TL;DR
This paper proposes an optimized EM routing approach for Capsule Networks, aiming to improve training efficiency and performance on various datasets by adjusting routing iterations at different stages.
Contribution
It introduces a novel method of using unequal EM routing iterations at different stages to enhance CapsNet training efficiency and effectiveness.
Findings
Optimized EM routing iterations improve training speed.
Enhanced CapsNet performance on multiple datasets.

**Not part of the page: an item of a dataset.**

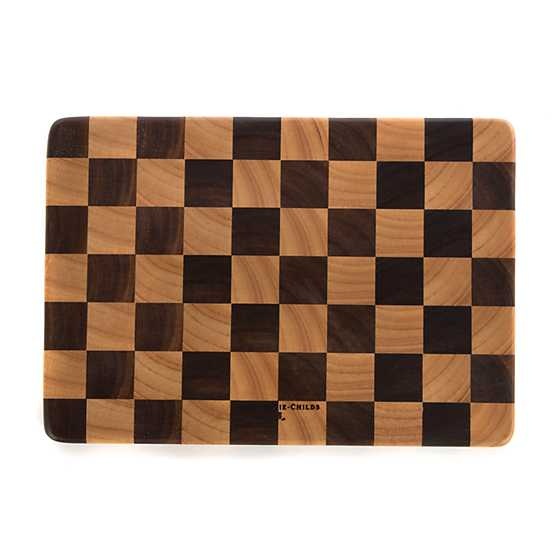 Handmade checkered acacia wood chopping board with rubberwood accents.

Reduced training time while maintaining accuracy.
Abstract
Capsule Networks (CapsNets) are brand-new architectures that have shown ground-breaking results in certain areas of Computer Vision (CV). In 2017, Hinton and his team introduced CapsNets with routing-by-agreement in "Sabour et al" and in a more recent paper "Matrix Capsules with EM Routing" they proposed a more complete architecture with Expectation-Maximization (EM) algorithm. Unlike the traditional convolutional neural networks (CNNs), this architecture is able to preserve the pose of the objects in the picture. Due to this characteristic, it has been able to beat the previous state-of-theart results on the smallNORB dataset, which includes samples with various view points. Also, this architecture is more robust to white box adversarial attacks. However, CapsNets have two major drawbacks. They can't perform as well as CNNs on complex datasets and, they need a huge amount of time for…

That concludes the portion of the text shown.